Our human tendency is to value things a lot more once we have put investment into something. Because of this tendency we often use our sunk costs (money, time, energy, love) to justify making a decision about how to act today.
One brief example; An abused spouse stays in an abusive relationship because they've been together for a long time. OK, one more example. Scientists have shown that they can actually sway people’s pro-war attitudes by highlighting casualties of a war prior to administering a questionnaire about people's support for the war.
Economists and social scientists know that making today's decisions based on sunk costs is almost always a bad idea. In the examples above, the years the abused spouse spent in an abused life and the dead soldiers are both sunk costs. They really have no bearing on whether the spouse should stay or go or whether the war should continue or end. Sunk costs are tied to the idea of “loss aversion”, which is a preference to minimize losses as opposed to maximizing gains. If the best decision for the well being of the abused spouse is to leave then he/she should do it regardless of the sunk cost of the past relationship. Likewise, if the best decision is to end the war, then it should be done regardless of the past regrettable loss of soldiers lives.

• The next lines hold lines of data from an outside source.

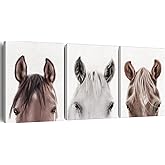 Horse Wall Art Decor Set of 3 Modern Animals Horse Canvas Painting Pictures Framed Horses Canvas Prints Artwork Ready to Hang for Home Office Decoration (12x15 Inch)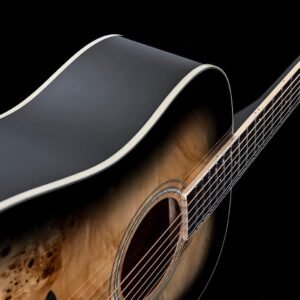 Washburn Deep Forest Burl 6 String Acoustic Guitar, Right, Black Fade (DFBDB)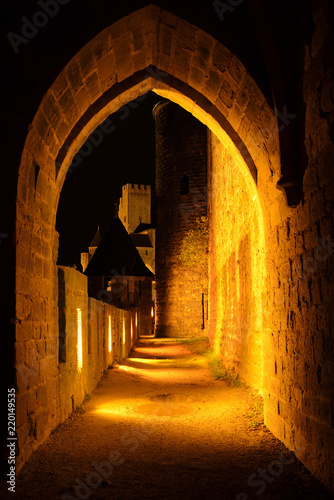 View point of Cite de Carcassonne, France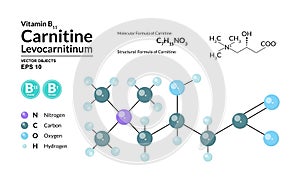 Structural chemical molecular formula and model of Carnitine. Atoms are represented as spheres with color coding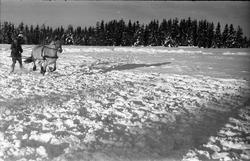Snørekjøring på ski med hest ved Hærens Hesteskole på Starum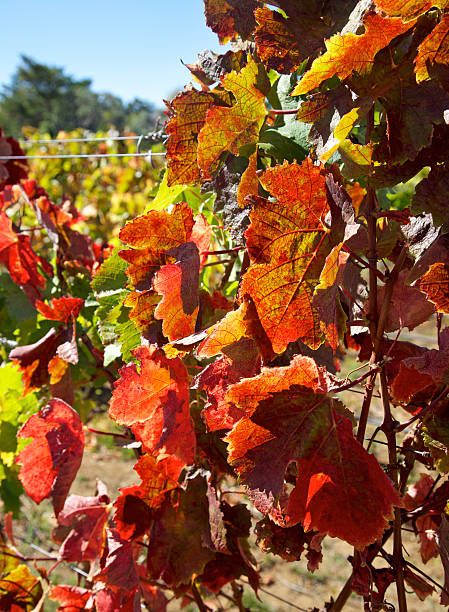 istock Autumnal Vine Leaves 163264133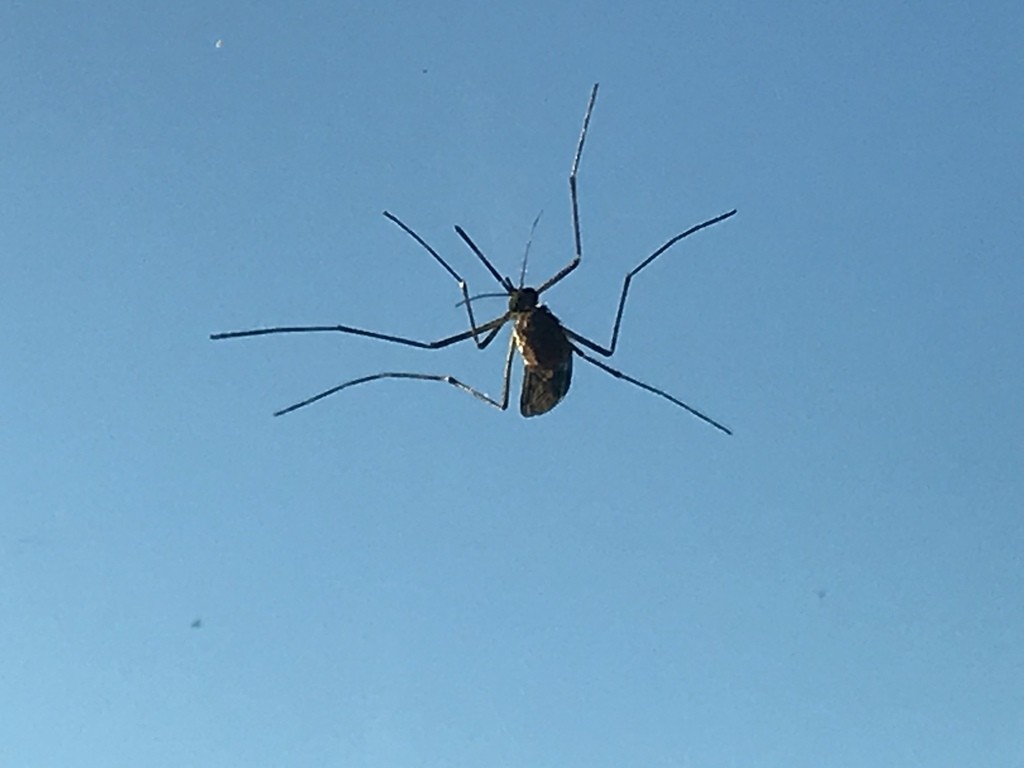 Western encephalitis mosquito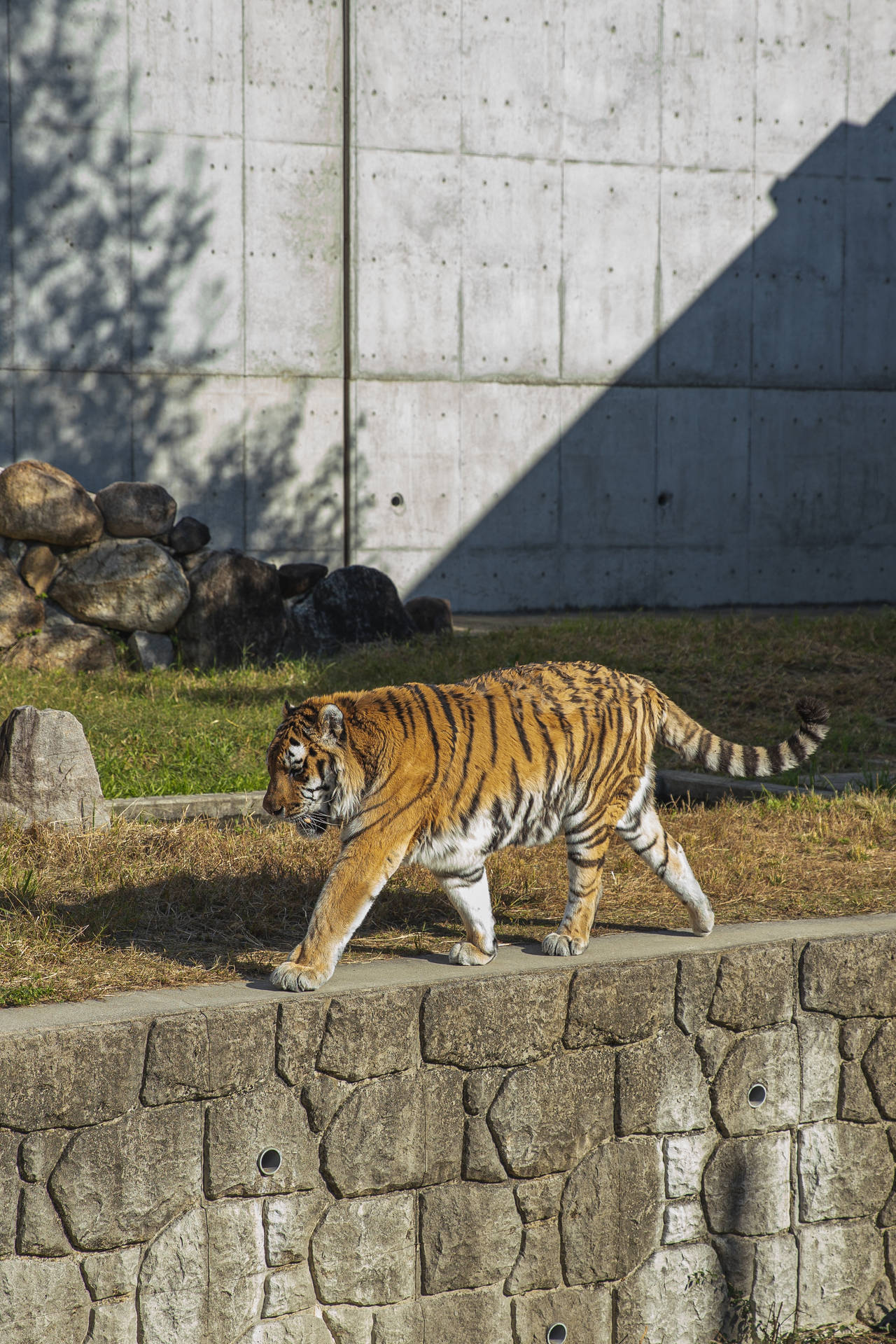 老虎在白天在動物園圍欄內的石牆上行走。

A parallel idea is that you can't live in either the past or the future. You can only live today and make the best decisions you can based on where you are now (or the landscape you are currently in - thus the name of this blog).
Someone once said, “Play the board as it is, not how you want it to be.”
I like the quote from Michael Novotny's mother in the TV show "Queer as Folk" where she says, "If you've got one foot in tomorrow and one foot in yesterday, you'll piss on today." More crass, but it gets the point across.
These ideas are important to me because they help explain where I am today with respect to my feelings for and about the LDS Church. I have gained a lot from my participation in the Church but today it seems very irrelevant and potentially harmful for me to continue to invest in it. The high returns are no longer there for me. I can get better returns by investing my emotions, time, and commitment elsewhere. So regardless of the sunk costs, in many respects it's time for me to move on.
Some will say that this way of thinking does not apply to matters of faith because if the Church is true then to be saved you must stay and be faithful forever regardless of the personal sacrifice involved. I also used to believe that but I don't anymore and I think I've got good reasons (more in future posts). Most importantly, I believe I've got the same spiritual confirmation that it's time to move on that I had before about staying.
So stop focusing on the sunk costs, live and love and smile, and take a flying leap forward today.